Self-hosted benchmark runner that proves your coding agent works across Python, TypeScript, and Go before you ship it to customers.
Customer: Solo AI developer or two-person founding team who has built a custom coding agent (wrapper around Claude/GPT-4o) and is about to pitch it to their first 10 enterprise or dev-tool customers — they need a credible eval story but can’t afford $5k/month for hosted eval platforms.
Problem: They’re demoing their agent on cherry-picked examples and secretly have no idea if it generalises. One bad live demo or a skeptical technical buyer asking ‘what’s your SWE-bench score?’ exposes them. Running SWE-bench themselves is a weekend of Docker pain they haven’t had time for.

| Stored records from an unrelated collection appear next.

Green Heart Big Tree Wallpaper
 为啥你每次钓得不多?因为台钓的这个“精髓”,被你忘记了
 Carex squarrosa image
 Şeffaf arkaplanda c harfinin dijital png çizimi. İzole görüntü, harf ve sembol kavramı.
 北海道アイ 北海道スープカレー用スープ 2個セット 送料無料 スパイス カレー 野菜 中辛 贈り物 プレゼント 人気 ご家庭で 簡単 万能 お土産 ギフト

Pricing: one-time — $1,200 in first 60 days (12 licenses at $99 one-time), then reassess whether a $19/mo ‘new issues feed’ add-on has legs
Why now
SWE-rebench V2 and the wave of new agent benchmarks (WorldMemArena, SciAgentGym) have made ‘what benchmark did you run?’ a standard due-diligence question in 2025-2026. Indie devs building coding agents now face that question before they have infra to answer it. Hosted eval services (Scale, Braintrust) are priced for Series A companies, not solos.
Go-to-market
- Post a detailed ‘I benchmarked my agent against 50 real GitHub issues across 3 languages — here’s what I learned’ write-up on Hacker Show HN and /r/LocalLLaMA with your own agent as the subject; the tool is the artifact you link at the bottom
- DM 20 people in the last 30 days who posted ‘I built a coding agent’ on X/Twitter or HN — offer a free license in exchange for a 15-min call and a testimonial quote
- List on Gumroad at $99 with a free tier (5 issues, Python only) to lower friction; use the free-tier signups as a warm email list for the paid upsell
- File a GitHub issue or PR on one popular open-source coding-agent repo (e.g., Aider, SWE-agent fork) offering to add your runner as an optional eval harness — free distribution to exactly the right audience
Moat (or lack thereof)
No real moat. This is a dev-tool script that a determined engineer can replicate in a weekend. The only durable advantages are: (1) you ship it before they bother, (2) you accumulate a curated issue set that’s actually solvable and language-balanced (curation takes time), and (3) word-of-mouth from the first 20 buyers who trusted you. Don’t expect a defensible business — expect a $5–15k cash windfall and a portfolio piece that opens consulting conversations.